Note that payment for all of the drugs with expiring pass-through status would be based on median hospital costs, not 95 percent of average wholesale price (AWP). (Currently such drugs are paid at 95 percent of AWP because they are pass-through drugs.) We expect to package additional drugs, such as those with median costs above $150, in the future, but we believe it would be prudent to wait until another year of claims data is available and further analysis can be performed before proceeding further.

  • Fold all of the costs of brachytherapy seeds and delivery systems used to treat prostate cancer into payment for the prostate therapy. For brachytherapy used to treat cancer of other organs, we propose to pay separately for the brachytherapy seeds. In both cases, payment rates would be based on median hospital costs.
2. Establish separate codes for facility payment for evaluation and management services
Facilities currently use the same Common Procedural Terminology (CPT) codes as physicians to report clinic and emergency department visits, which represent a large proportion of outpatient services. However well these codes capture physician work, they do not reflect well the activities of the facility in supporting these visits. Hospital representatives have persistently questioned us on how to use these codes. Interest in a common set of coding procedures for hospitals remains strong.
The Ambulatory Payment Classification Advisory Committee, a blue-ribbon expert panel that advises the Secretary on OPPS, has recommended that we:
  • Create a new set of HCPCS codes for these services to simplify hospital coding and accurately describe hospital-resource use, and
  • Develop guidelines for the use of these codes.

In response to this concern, we are proposing a new series of five simplified HCPCS codes intended to reflect activities and resource use of hospitals. Because transition to the new codes would require changes to provider and Medicare claims systems and would necessitate considerable provider education, we do not believe it would be prudent to attempt to proceed as soon as January 1, 2003, when the other provisions in this proposed rule would be implemented.

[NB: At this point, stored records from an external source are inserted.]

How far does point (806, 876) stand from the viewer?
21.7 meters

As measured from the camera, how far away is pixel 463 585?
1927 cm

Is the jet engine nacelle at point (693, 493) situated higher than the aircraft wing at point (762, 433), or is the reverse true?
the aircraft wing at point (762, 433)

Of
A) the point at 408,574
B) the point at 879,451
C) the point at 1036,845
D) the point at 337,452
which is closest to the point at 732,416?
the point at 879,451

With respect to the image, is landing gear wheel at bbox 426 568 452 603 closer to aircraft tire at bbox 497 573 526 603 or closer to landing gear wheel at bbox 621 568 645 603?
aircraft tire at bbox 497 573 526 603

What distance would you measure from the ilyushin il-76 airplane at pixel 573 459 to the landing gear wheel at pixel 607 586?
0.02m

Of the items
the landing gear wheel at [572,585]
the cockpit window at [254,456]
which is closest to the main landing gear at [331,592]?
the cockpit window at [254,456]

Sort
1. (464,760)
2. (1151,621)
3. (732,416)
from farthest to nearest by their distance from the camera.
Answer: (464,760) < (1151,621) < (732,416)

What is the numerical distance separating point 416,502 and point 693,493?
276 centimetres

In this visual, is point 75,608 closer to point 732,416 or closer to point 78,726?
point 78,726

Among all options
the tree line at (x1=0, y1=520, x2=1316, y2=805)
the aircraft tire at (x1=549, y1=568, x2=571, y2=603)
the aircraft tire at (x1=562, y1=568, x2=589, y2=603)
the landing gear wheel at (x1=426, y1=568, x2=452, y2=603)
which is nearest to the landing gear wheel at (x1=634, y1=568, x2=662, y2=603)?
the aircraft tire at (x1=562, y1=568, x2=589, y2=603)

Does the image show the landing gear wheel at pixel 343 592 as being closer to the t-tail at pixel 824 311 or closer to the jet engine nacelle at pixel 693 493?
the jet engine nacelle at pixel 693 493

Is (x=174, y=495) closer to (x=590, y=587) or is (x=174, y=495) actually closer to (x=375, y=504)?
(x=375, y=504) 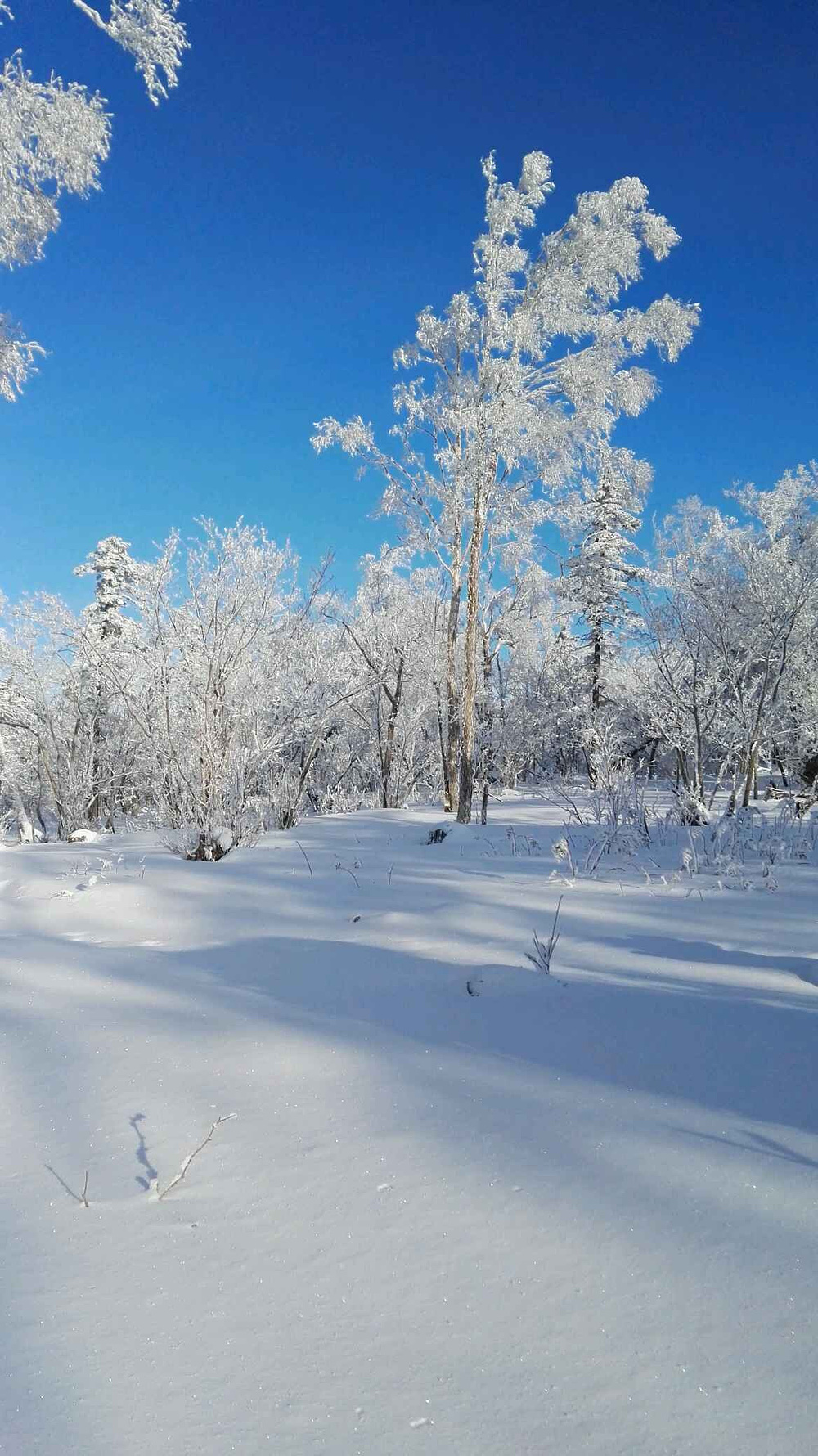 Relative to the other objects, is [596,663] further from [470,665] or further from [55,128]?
[55,128]

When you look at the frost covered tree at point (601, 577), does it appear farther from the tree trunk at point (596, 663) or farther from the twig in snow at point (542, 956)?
the twig in snow at point (542, 956)

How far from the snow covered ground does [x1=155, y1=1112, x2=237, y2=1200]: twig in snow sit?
2 cm

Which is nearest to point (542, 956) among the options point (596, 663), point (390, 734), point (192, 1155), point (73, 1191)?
point (192, 1155)

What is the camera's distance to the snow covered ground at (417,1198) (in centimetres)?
107

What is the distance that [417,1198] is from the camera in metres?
1.58

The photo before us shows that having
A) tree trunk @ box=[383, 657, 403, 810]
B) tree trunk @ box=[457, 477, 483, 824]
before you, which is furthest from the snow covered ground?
tree trunk @ box=[383, 657, 403, 810]

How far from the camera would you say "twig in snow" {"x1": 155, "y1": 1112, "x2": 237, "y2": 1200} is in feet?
5.39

Instead, we propose implementation in January 2004.

Other provisions
  1. Allow separate payment for observation services for patients with congestive heart failure, chest pains, and asthma who are directly admitted from a physician’s office.
  1. Clarify payment for inpatient-only services furnished in an outpatient setting when the beneficiary dies prior to admission or is transferred to another hospital.
  1. Allow payment for unscheduled dialysis treatment for ESRD patients in the outpatient department of a hospital under certain exceptional circumstances.
  1. Describe the methodology that is proposed to be used to estimate total pass-through spending for 2003. If pass-through spending is estimated to be less than 2.5 percent, the conversion factor will be increased appropriately in the final rule. (The conversion factor in the proposed rule has been reduced by 2.5 percent to account for pass-through spending.)

Impact of Proposed 2003 OPPS Update

OPPS payments are updated each year based on the increase in the hospital market basket. For CY 2003, we now estimate that this increase will be 3.5 percent. Consequently, we estimate hospitals would receive an average increase of 3.5 percent in total payments (including payments from both Medicare and from beneficiary copayments) as a result of the proposed rule.

[1] For convenience, we will refer only to drugs in the ensuing discussion. However, the same points apply to both drugs and biologicals.

[2] As well as a few drugs that are not eligible for pass-through drugs but that are now “unpackaged.”